Saturday, May 27, 2017
ABBOTT & BARKER & THE CASE OF THE HAY HEIST
I found this while researching m earlier post about Goodt West. It is significant for me because of the rather lengthy testimony of George Abbott Sr. and Richard Barker. Both of them are my paternal ancestors: George is my 9x great grandfather through my grandfather, and Richard my 8x great grandfather through my grandmother. So it was fun for me to picture them together trailing cart tracks in search of stolen hay1
The case was presented at Ipswich, Ma. on 31Mar 1663:
Mr. Simon Bradstreet v. Bray Willkins, Sam. Willkins and John Willkins. Trespass. For carrying away a parcel of hay. The jury found a special verdict. Court found for the plaintiff,
Richard BarkerJ and George Abbott, sr.,J testified in the action between Mr. Bradstreete and Bray Wilkinson, that they followed two tracks of a laden cart from Mr. Bradstreete's rick till they come into that way that said Wilkinson had gone with Rich. Barker's hay and saw where they had cut down wood and brush from Mr. Bradstreete's rick to go with it into that way. They followed the said tracts till they came to Goodman Wilkinson's field and then left them in the cart way leading to his house and when they reached the house they looked purposely around but could find no tracks that had gone that spring beyond his house. They further testified that it could go no other way, there being no other house or farm on this side the river and no possible going over the river at that time without swimming cart and cattle. In the way from Mr. Bradstreete's rick we found hay scattered, and one load newly set by the stony brook which they judged and believed was Mr. Bradstreete's hay, and had no doubt that he who had Rich. Barker's hay also had Mr. Bradstreete's. Rich. Barker further testified that Bray Wilkinson came to him about a fortnight before he missed his hay, when his son and he were loading hay at his rick, and said Wilkinson said that he was in great want of hay and knew not what shift to make. Wilkinson also said that the hay that Rich Barker left would beburned, but Barker replied that it would not be unless somebody played the knave with him and that he intended to take it away. Notwithstanding this, said Wilkinson took or caused to be taken away the hay without the knowledge or consent of said Barker and when charged with it would not own it. Since Mr. Corwyn gave deponent twenty shillings for it and would have given him five pounds because he had been so ill dealt with, etc. Sworn, 4:3: 1663, before Simon Bradstreet,* and on May 5, 1663, in Ipswich court.

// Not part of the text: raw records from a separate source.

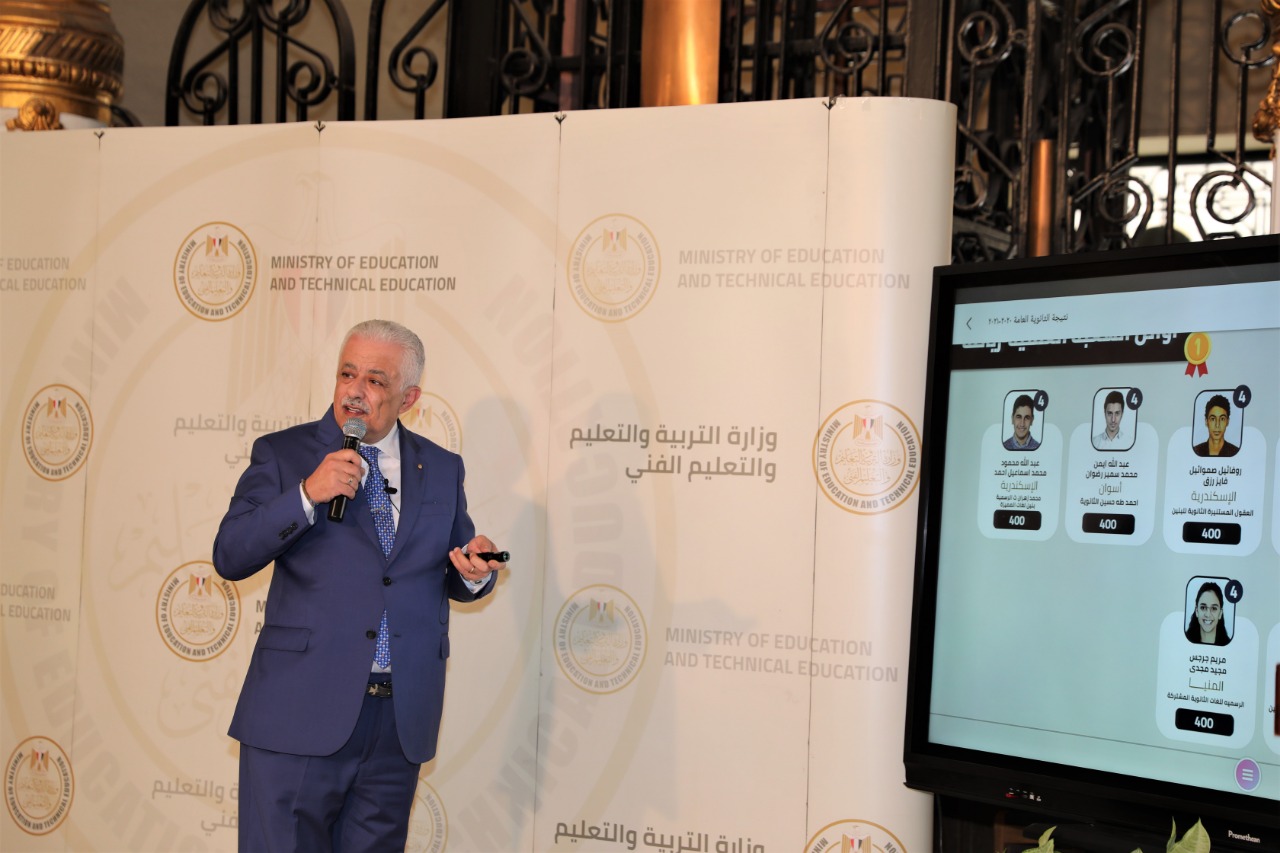 والد الأولى على الجمهورية لـ«دار المعارف»: «كورونا لم تمنع فريدة من التفوق»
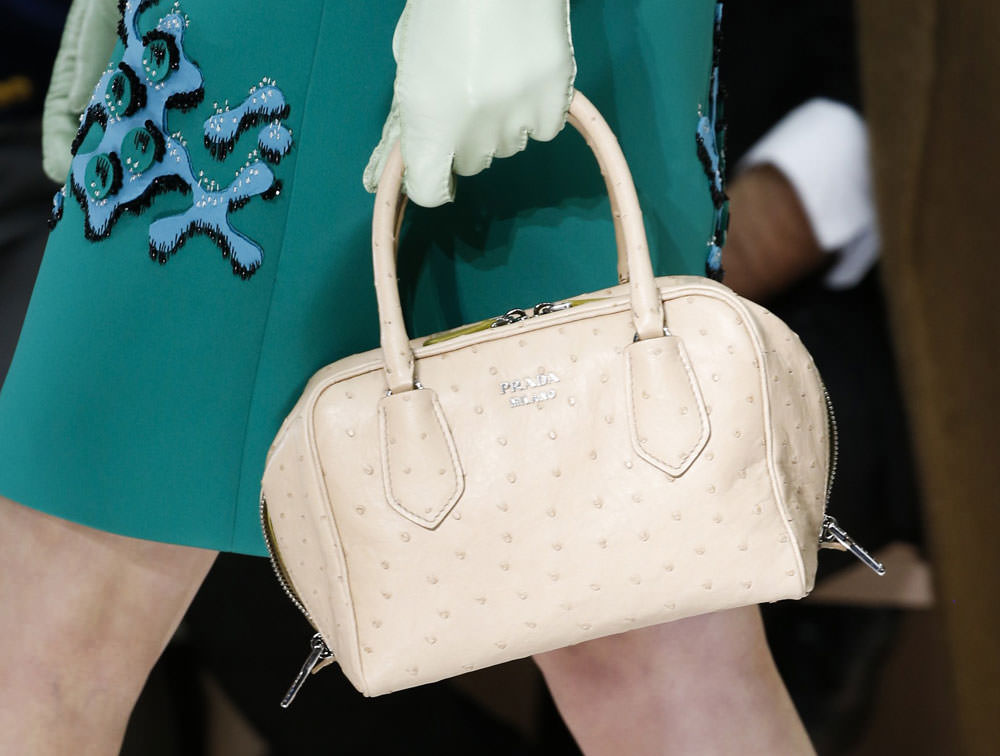 Prada-Fall-2015-Handbags-27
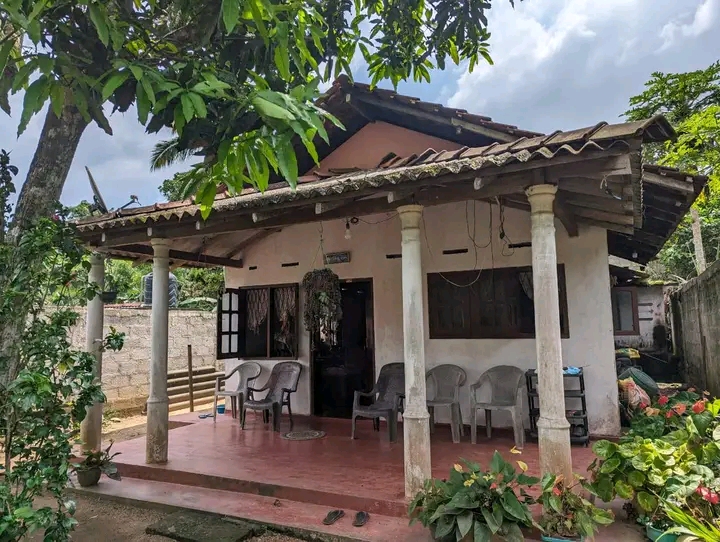 House for Sale in Minuwangoda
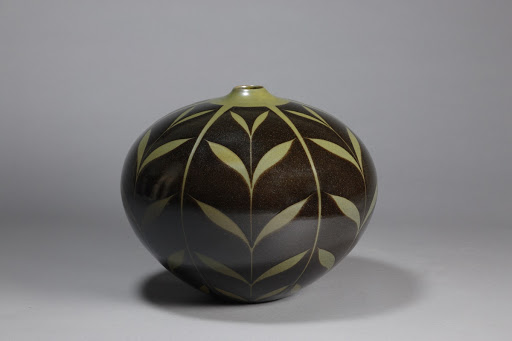 Jar with Naeshirogawa leaf design, Black Satsuma Ware - Araki Mikijiro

Thomas Abott deposed that there was a parcel of hay about three loads, which he helped to get for Mr. Bradstreet at a meadow commonly called Beachin meadow, taken away to said Bradstreet's great damage both for want of the hay and the loss of cattle sustained thereby. Mr. Bradstreet was obliged to buy hay at a great rate and much time was lost in sending a team for the hay, not knowing that it was gone. The journey occasioned the loss of the work of two oxen for two months, by reason of their tiring for want of hay to refresh them when they came thither, it being about six miles to the place. Sworn in court.
John Longley, aged about twenty-three years, testified that he lived with Bray Wilkins and he heard Goodman Wilkins say that Mr. Georg Curwin of Salem had brought a load of hay for him, and that it was in Andeavor's meadows. Further that said Wilkins' two or three sons with John Gingill went for the hay and the first day they mired their cart and came home without any hay. They went again the next day and the two days following and brought home some hay which deponent saw at night when he came from work, etc. Sworn in court.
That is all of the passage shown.